I want to apply a sort and a limit within the groups returned by groupby
, as in this question. However, I have multiple aggregates and I want all of the aggregates to be retained in the result.
Here is a simple example:
products = ["A", "B", "C", "D"]
stores = ["foo", "bar", "baz"]
n = 30
product_list = [products[i] for i in np.random.randint(0, len(products), n)]
store_list = [stores[i] for i in np.random.randint(0, len(stores), n)]
rating_list = np.random.random(n) * 5
sales_list = np.random.random(n) * 10000
df = pd.DataFrame(
{'store': store_list,
'product': product_list,
'sales': sales_list,
'rating': rating_list})
df = df[['store', 'product', 'sales', 'rating']]
df[:5]
I want to group by store
and product
, and both sum
and count
the sales
, while taking the mean
of the rating
.
This is straightforward:
dfg = df.groupby(['store', 'product']).agg({'sales': ['sum', 'count'],
'rating': 'mean'})
Now, I want to only keep the top two rated rows in each group.

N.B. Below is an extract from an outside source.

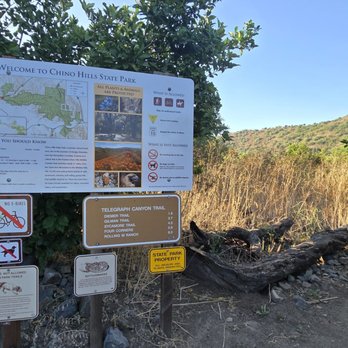 Chino hills Discovery Center - Hiking Near Me - Brea, California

I can get this as follows (using a multi-level extension of the somewhat unintuitive [to me] incantations from 1):
g = dfg[('rating', 'mean')].groupby(
level=0, group_keys=False).apply(
lambda x: x.sort_values(ascending=False).head(2))
g
This returns the following Series
:
store product
bar B 3.601135
A 1.867449
baz B 2.984196
D 2.780500
foo B 3.767912
D 3.129346
Name: (rating, mean), dtype: float64
But I've lost the ('sales', 'sum')
and ('sales', 'count')
columns.
I suspect I need to extract g.index
and use it in some way but have not been able to get this sorted (pun intended).
EDIT: The answers below manage to give the groups that I'm looking for, but what I'd really like is a stable sort where not only do I get the top N mean ratings within each group, but the groups themselves are sorted so that the first group has the highest rating, etc. To some extent this is just icing on the cake as I have the values I want now and would just like the report to be prettier.